Por Carlos Zayas
A finales de los años sesenta ya estábamos en el agua del mar. Esquiábamos en el estero jalados por una lancha rápida a 60 kms por hora. Fue ahí donde nos enteramos que se podía surfear en la Boca de Barranca. Nos encantamos todavía más al saber que era un deporte apegado a la naturaleza, con el que no se generaba contaminación.
Recuerdo que la primera vez que nos relacionamos con el surf fue en 1970. Fui en una microbús Volkswagen con nuestro amigo Carlos Alfaro Del cruce de la carretera que va al puerto, hasta Boca que desembocaba en el mar se requería un viaje de media hora o más; el terreno estaba en muy mal estado, como dificultando el acceso de cualquier vehículo.

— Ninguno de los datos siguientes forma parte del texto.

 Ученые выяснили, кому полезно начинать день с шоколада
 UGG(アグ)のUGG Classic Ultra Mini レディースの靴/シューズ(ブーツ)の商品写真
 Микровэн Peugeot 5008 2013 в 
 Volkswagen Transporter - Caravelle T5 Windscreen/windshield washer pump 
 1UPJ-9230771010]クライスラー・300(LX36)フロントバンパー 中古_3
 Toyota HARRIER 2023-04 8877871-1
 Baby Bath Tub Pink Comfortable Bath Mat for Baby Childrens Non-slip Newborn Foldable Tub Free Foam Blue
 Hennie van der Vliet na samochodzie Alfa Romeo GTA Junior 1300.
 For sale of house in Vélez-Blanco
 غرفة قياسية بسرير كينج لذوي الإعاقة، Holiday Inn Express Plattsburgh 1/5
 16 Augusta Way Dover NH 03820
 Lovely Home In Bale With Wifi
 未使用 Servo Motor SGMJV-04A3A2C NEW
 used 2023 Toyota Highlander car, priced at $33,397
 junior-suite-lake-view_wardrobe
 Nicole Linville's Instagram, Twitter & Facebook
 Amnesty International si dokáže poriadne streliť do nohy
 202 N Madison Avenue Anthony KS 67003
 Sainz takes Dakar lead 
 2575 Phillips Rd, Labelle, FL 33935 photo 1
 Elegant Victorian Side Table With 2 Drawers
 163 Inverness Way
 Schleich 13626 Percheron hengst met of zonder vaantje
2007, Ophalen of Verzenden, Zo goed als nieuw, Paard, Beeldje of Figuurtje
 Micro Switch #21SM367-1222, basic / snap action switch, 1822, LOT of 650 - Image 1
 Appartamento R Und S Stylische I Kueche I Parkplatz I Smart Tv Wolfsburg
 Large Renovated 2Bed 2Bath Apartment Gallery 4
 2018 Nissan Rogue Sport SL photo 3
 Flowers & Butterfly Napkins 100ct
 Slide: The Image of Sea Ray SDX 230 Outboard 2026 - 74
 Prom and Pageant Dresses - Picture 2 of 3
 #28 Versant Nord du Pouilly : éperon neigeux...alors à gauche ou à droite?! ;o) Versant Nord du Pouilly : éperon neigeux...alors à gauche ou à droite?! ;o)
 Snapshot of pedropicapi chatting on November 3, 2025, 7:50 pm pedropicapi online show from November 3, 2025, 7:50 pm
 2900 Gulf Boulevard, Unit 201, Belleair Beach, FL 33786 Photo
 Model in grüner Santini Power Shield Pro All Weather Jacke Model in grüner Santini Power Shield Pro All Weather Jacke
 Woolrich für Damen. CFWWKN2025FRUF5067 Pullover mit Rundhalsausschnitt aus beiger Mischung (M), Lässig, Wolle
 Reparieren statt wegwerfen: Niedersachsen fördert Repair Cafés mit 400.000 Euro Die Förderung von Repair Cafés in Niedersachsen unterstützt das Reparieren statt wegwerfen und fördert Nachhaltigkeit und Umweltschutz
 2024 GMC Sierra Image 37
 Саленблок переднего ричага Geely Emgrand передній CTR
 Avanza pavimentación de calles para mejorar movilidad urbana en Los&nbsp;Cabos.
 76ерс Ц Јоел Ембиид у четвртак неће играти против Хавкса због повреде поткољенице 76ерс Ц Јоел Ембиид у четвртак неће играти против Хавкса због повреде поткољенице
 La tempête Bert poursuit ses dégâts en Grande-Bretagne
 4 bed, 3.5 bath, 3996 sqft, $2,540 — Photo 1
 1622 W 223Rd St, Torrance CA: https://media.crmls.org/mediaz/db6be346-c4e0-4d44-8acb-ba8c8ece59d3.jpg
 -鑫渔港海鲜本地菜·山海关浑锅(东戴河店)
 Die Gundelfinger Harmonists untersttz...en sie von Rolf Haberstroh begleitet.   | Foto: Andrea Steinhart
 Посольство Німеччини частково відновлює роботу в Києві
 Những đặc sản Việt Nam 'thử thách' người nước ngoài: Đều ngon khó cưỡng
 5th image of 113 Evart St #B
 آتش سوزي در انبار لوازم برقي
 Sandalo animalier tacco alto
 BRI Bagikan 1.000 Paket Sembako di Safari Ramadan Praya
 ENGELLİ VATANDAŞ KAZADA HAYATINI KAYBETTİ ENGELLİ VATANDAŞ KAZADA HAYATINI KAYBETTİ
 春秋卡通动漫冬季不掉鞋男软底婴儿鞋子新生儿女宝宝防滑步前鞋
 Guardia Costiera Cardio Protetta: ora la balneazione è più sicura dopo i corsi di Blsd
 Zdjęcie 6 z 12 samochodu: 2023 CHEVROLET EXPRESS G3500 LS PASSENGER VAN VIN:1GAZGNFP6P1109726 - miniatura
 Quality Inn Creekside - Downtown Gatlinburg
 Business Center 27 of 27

Llegamos a una casa de madera deteriorada en medio de un charral. Ahí estaban Frank Mora, Macho Estrada y Pancho Oreamuno. En ese momento venían llegando de surfear. Entonces nos fuimos solos. En el agua había seis gringos.
Entramos al agua y nos acercamos a ellos. De repente llegó el primer set grande. No me imaginaba el tamaño de esas olas. Yo iba con una tabla hechiza, sin linch, sino más bien amarrada con un mecate de cortina. Los gringos hicieron una gran cara de asombro, que sostuvieron hasta que nos vieron saliendo súbitamente. Lo que siguió fue un rato de conversación, donde ellos nos compartieron teoría sobre el surf.
Aprender a surfear era más difícil en aquellas épocas. Ahora hay mucha información, las carreteras para llegar a la playa son mejores y además, la gente puede practicar en patinetas.
Sin embargo, en nuestro caso, así fue como empezamos a familiarizarnos con el lugar. Cruzábamos nadando en las tablas a Playas de Doña Ana, donde habían olas favorables que nos permitían aprender con menos corriente. Después, seguíamos con las olas de la Boca. El siguiente paso fue Tamarindo.
Así fue por muchos años y hasta esta fecha en que inició ese amor por el mar y por ese efecto mágico escondido en las olas. También la tranquilidad que se obtiene de la relación con la naturaleza.
Agradecido con Dios. Fue una bendición.